Records supplied
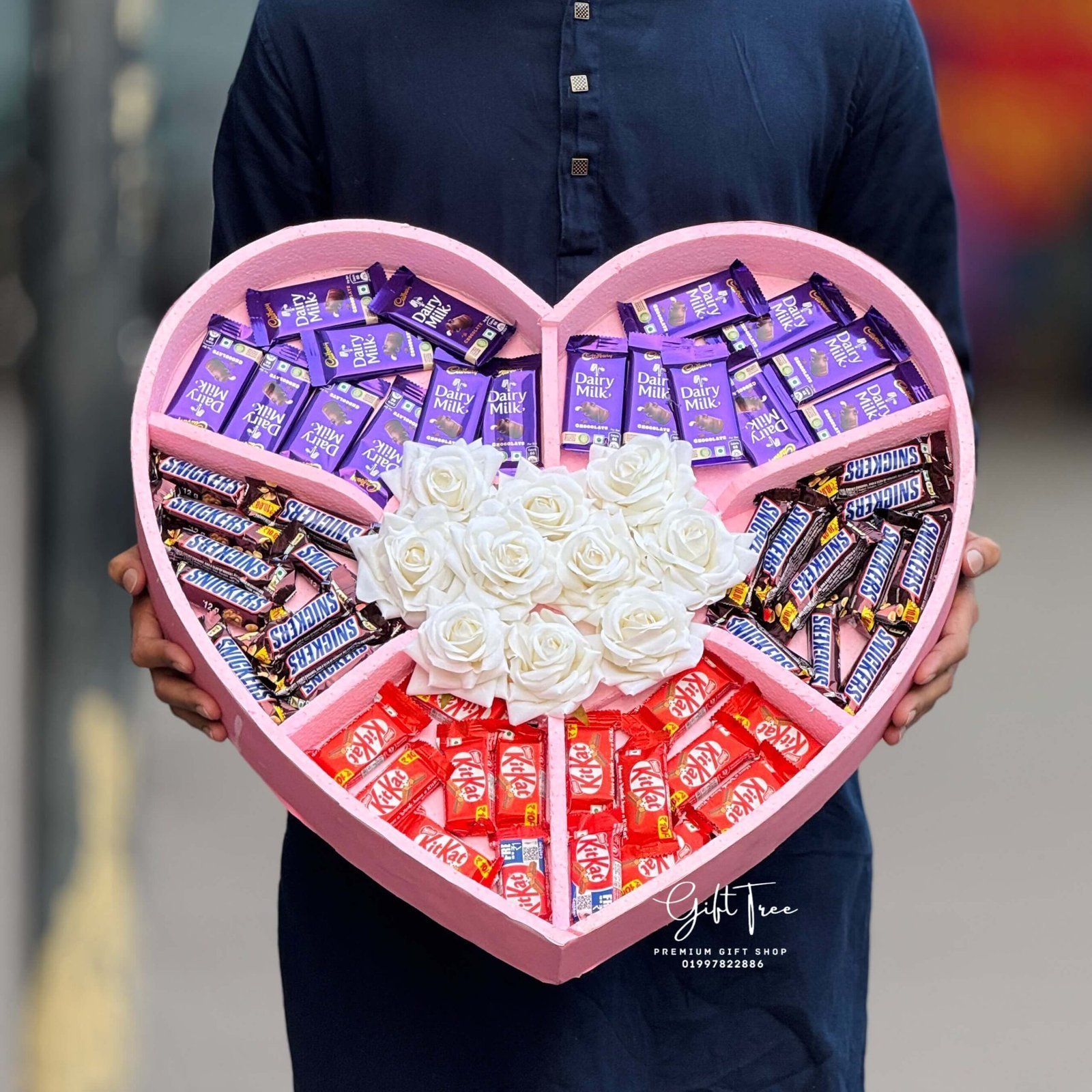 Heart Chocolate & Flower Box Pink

==

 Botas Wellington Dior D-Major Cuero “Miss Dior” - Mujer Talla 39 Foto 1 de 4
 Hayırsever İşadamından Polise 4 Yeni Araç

Brief
In the listing above, find the line with "Botas Wellington Dior" and the line with "Hayırsever İşadamından Polise 4 Yeni Araç"; set down exactly those two lines and every line between them, nothing more.

Reply
 Botas Wellington Dior D-Major Cuero “Miss Dior” - Mujer Talla 39 Foto 1 de 4
 Hayırsever İşadamından Polise 4 Yeni Araç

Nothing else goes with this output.